[Dialogante 1] I giorni
appena trascorsi (primi di luglio) sono stati particolarmente densi di incontri
e scambi di idee, tanto da riconfermare il Centro Metaculturale come snodo di
varie correnti di pensiero variamente orientate.
[Dialogante 2] Abbiamo
anche costruito una tratta, nella persona di Diana, verso la cultura di base in
Germania, non sappiamo però se la cosa avrà un seguito.
[Dialogante 1] Più che
discutere con le molte persone incontrate –tra cui Emanuele Pappalardo,
Valentina, una delegazione genovese capeggiata da Valeria Lonano, un gruppo di
sette frequentanti un corso di musicoterapia e una nutrita rappresentazione del
Centro Metaculturale– abbiamo rilevato forti concordanze di pensiero e di modi
attuativi, che ci hanno spinto a mantenere non superficiali contatti per
costruire una ‘rete’ permanente in qualche modo rapportabile a IMC.
[Dialogante 2] Fosse giunto
il momento, vagheggiato e in parte già attuato negli anni Settanta-Ottanta, di
costituire una sorta di movimento culturale internazionale avente come
obiettivo lo studio delle condizioni preliminari per la realizzazione di un
progetto di ‘pace interna’?
[Dialogante 1] I soliti
voli utopici, quando servono più che mai i piedi per terra.
[Dialogante 2] La solita
accusa –non tua naturalmente– di scarsa aderenza alla realtà…
[Dialogante 1] … quando
invece è proprio la realtà reclamare a gran voce un progetto di pace a tutti i
livelli per rendere possibile, ma niente affatto certa, la nostra
sopravvivenza.
[Dialogante 2] Non è certo
IMC a non avere i piedi per terra, è piuttosto la terra che ci sfugge da sotto
i piedi, dilavata dalla furia devastatrice dell’ingordigia umana.
[Dialogante 1] … talvolta
le parole troppo grosse tolgono forza al loro impatto.
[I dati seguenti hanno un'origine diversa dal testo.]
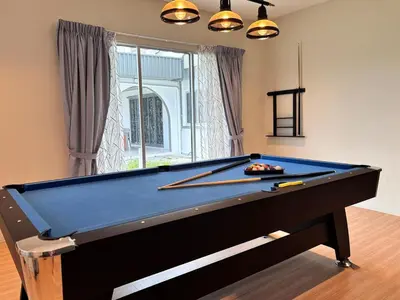 a pool table with two cuesticks in a room at CornerDouble-Storey&KTV Snooker 16Pax Ipoh By MICASA GROUP in Ipoh
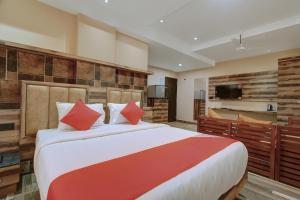 a bedroom with a large bed with red pillows at Laxman Residency in Kulurkudrū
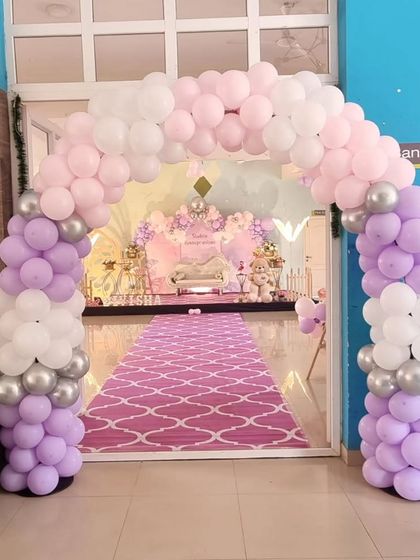 A beautiful balloon arch in pastel purple, pink, and white, leading guests into a butterfly-themed party.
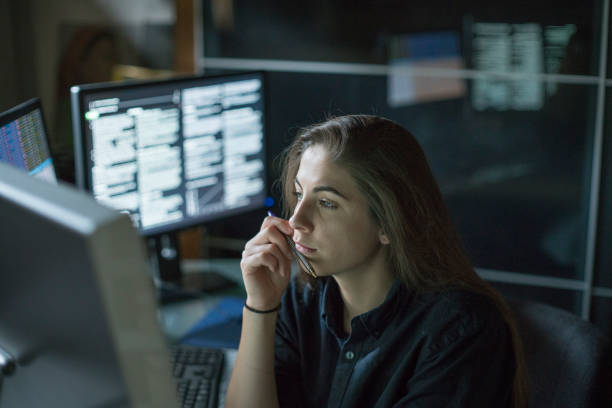 istock Woman monitors dark office 1171686910
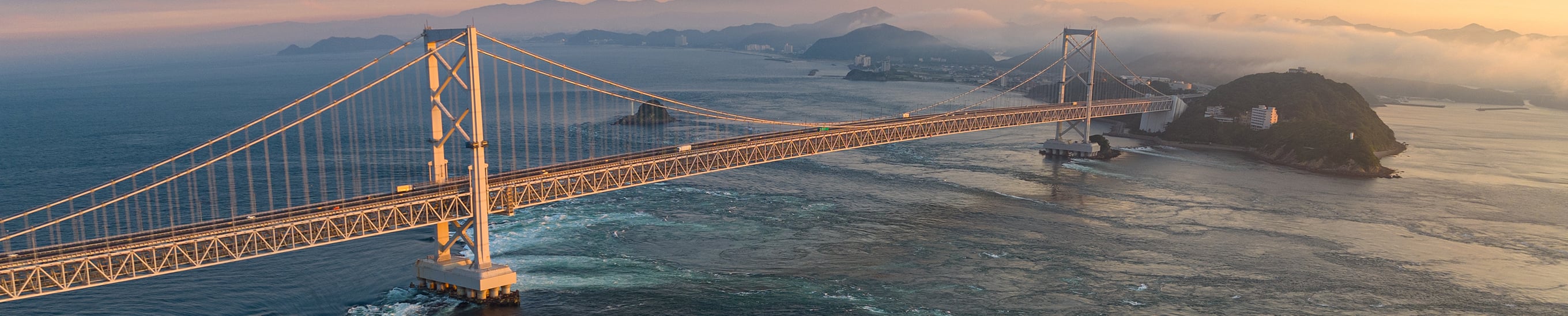 Aerial view of a major bridge spanning open water, symbolizing global trade flows and supply chain disruption in the Q2 2026 Macro House View.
Le nostre devastazioni
superano però la grossezza delle parole. Sono di questi giorni le
manifestazioni NO TAV in Piemonte. Condanna unanime di tutti i partiti contro
le violenze perpetrate dai manifestanti. Come se l’assalto contro la valle
alpina in nome di interessi economici e commerciali non fosse un massimo atto
di violenza contro quel poco che resta della natura alpina.
[Dialogante 2] Visione
idillica ma estetizzante della natura! Questa va violentata, saccheggiata; le
va strappato tutto ciò che può riempire le tasche di alcuni di noi. Gli
abitanti della Valsusa però non sono d’accordo.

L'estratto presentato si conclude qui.